--- START ---

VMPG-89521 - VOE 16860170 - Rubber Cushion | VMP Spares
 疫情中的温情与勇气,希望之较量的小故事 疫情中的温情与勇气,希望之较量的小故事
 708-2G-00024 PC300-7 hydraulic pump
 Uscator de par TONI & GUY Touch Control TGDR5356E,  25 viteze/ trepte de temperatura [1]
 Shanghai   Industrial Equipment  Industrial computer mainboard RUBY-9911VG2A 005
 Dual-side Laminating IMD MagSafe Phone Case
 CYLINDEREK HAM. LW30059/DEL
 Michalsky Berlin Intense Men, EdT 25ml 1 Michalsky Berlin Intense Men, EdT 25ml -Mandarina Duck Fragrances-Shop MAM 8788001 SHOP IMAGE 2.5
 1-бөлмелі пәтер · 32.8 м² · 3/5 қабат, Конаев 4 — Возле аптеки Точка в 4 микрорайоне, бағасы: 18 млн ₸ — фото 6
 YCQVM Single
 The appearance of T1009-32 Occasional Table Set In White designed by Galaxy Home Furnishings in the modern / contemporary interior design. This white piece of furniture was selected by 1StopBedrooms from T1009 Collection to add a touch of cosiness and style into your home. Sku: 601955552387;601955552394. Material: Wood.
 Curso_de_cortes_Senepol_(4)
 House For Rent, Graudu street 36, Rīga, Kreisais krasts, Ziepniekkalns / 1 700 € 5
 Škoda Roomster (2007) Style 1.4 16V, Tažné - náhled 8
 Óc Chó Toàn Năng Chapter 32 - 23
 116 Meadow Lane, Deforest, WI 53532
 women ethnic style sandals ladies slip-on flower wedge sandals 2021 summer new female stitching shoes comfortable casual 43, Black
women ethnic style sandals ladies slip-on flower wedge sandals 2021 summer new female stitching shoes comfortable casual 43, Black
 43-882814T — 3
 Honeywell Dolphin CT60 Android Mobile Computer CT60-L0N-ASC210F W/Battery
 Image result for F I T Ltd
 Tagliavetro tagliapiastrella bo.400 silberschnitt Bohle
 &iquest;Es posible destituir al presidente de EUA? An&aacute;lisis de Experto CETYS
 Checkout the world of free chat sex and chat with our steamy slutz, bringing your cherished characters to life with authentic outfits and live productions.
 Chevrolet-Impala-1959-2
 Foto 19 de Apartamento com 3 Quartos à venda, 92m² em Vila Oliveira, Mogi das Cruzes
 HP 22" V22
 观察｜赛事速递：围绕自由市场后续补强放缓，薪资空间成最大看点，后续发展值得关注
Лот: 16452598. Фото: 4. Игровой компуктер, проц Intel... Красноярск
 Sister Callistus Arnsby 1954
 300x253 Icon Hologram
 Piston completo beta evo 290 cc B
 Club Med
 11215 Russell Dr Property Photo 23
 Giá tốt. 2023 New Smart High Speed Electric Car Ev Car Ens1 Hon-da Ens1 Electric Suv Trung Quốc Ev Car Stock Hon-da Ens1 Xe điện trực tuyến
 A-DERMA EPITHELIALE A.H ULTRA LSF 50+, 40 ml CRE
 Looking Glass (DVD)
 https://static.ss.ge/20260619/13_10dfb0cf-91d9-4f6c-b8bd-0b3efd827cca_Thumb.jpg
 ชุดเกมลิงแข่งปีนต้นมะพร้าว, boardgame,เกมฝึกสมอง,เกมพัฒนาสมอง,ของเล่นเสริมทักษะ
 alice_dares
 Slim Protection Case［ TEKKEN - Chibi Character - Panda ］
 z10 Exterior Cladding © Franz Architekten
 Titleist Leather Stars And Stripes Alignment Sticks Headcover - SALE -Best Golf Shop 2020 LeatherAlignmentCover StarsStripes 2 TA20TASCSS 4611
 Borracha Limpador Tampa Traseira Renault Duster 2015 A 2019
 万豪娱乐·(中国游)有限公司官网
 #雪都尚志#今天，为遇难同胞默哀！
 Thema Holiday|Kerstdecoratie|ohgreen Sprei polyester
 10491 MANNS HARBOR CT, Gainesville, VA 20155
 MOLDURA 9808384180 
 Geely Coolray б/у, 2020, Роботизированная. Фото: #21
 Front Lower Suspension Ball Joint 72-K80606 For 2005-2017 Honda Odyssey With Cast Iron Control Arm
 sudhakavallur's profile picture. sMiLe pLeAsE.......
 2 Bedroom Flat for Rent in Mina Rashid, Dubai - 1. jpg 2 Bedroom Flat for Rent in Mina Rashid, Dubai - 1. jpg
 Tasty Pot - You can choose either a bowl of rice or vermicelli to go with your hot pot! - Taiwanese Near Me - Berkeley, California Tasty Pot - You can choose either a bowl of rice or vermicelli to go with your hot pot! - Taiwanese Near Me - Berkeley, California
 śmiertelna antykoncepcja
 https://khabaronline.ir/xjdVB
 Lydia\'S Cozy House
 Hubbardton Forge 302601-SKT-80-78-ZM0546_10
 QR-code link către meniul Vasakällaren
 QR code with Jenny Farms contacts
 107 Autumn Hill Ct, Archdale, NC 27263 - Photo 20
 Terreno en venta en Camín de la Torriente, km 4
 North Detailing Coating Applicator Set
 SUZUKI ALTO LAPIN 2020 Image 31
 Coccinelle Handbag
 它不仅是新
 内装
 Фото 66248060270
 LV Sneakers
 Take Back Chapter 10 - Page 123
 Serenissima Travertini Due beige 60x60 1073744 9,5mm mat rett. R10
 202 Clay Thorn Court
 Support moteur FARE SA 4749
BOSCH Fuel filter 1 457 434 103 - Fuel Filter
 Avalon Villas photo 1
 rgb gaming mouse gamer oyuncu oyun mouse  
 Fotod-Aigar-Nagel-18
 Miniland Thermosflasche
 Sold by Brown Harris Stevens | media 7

--- END ---

Description of the task → Give the number of lines in the entries above that include the word "Chapter", and nothing more.

Answer to the problem → 2